0

I have an API that returns most_similar_approx from a magnitude model . The model is built from native Word2Vec format with 50 dimensions and 50 trees. The magnitude model is close to 350MB, with approximately 350000 tokens. Load testing this API I observed that the performance deteriorates as I increase the topn value for most_similar_approx, I need a high number of similar tokens for downstream activities, with topn=150 I get a throughput of 500 transactions per second on the API, while gradually reducing it I get 800 transactions with topn=50 and and ~1300 with topn=10. The server instance is not under any memory/cpu load, am using a c5.xlarge AWS EC2 instance.

Is there anyway I can tune the model to improve the performance for a high topn value?

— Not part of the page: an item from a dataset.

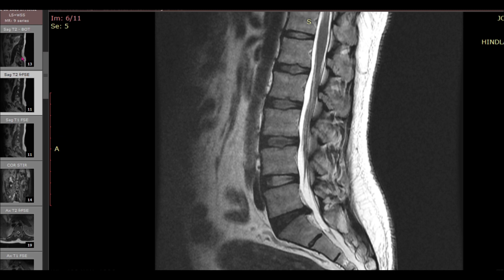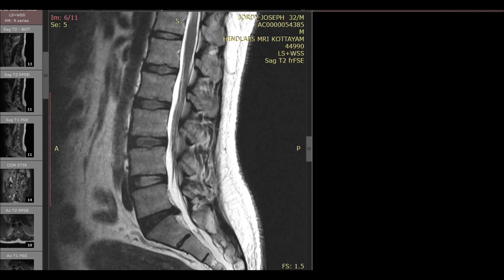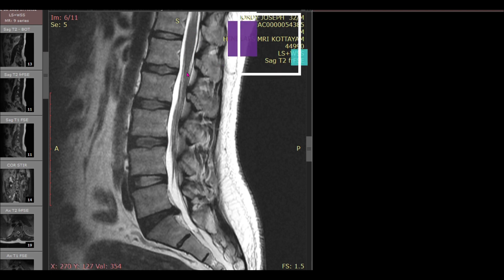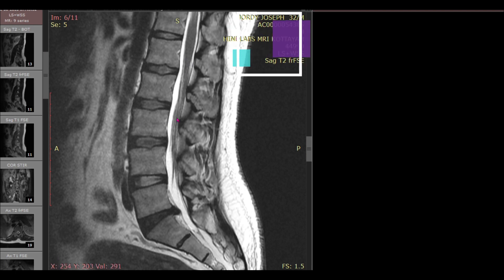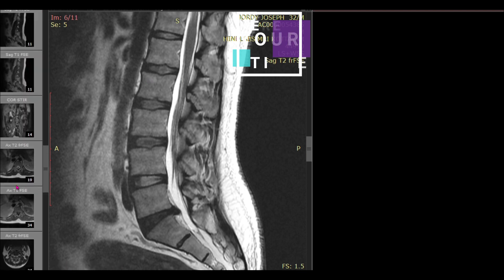The sequences I use — and generally most radiologists use — are sagittal and axial correlated images in T2 as well as T1. Sometimes, if you are suspecting cord edema, you can also use STIR images to confirm that, or even to see whether there is a marrow edema or Modic-type change.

My aim is to obtain most_similar tokens from word embeddings, and pymagnitude was the most recommended option I found, are there any similar high performing alternatives.

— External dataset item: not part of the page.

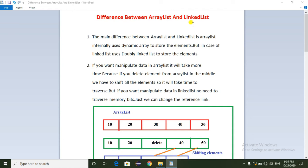Hello everyone. Today I am going to explain the difference between ArrayList and LinkedList, and also I will explain the similarities between ArrayList and LinkedList. So when we can go for the ArrayList and when we can go for the LinkedList.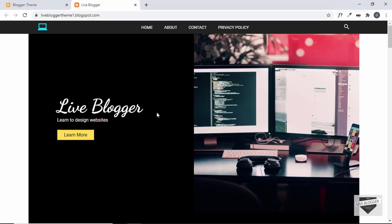Hi everybody, welcome to Live Blogger and congratulations for completing this series where we developed a custom Blogger template from scratch. I hope you followed all the videos. I also provided the link of the XML file in the description so that if you have any issues you can refer to this code. In this video I'll talk about how you can improve this theme further and what functionalities you can add to make it even better.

  • Can you show your benchmarking code? Have you tested against plain `most_similar()`, in either `pymagnitude` or `gensim`? Have you tried varying the `effort` parameter to sacrifice accuracy for speed? Why *isn't* the current rate fast enough? Have you tried a machine with more virtual cores, or could simply using more parallel cores or more machines be a solution in practice? – gojomo Feb 02 '21 at 18:14
  • I used nGrinder (https://github.com/naver/ngrinder) for the tests, based on these I found performance to be in order of: Gensim's most_similar < Pymagnitude's most_similar < Pymagnitude's most_similar_approx I did try using the effort parameter, down to 0.5, but it did not help significantly. With Larger instances, eg. with c5.2xlarge I do get twice the performance (TPS=1000 at topn=150) , but I cannot use these due to cost constraints. External caching and larger instances are my final options if optimization fails – ptonapi Feb 03 '21 at 07:28
  • Can you show your benchmarking code, and the actual (not figurative) results for each alternative tested, in the question? How are you verifying the single server is under no memory/CPU load during testing, & if that's true can you simply use more processes on the same machine? – gojomo Feb 03 '21 at 17:29
  • Also, 350K tokens times 150 most-similar int indexes (4 bytes) & float similarities (4 bytes) is only 420MB. You could precalculate & store all top-150 actual neighbors in that much RAM & convert all operations to simple lookup. (Or all top-1500 actual neighbors in just 4.2GB.) – gojomo Feb 03 '21 at 18:21

0 Answers0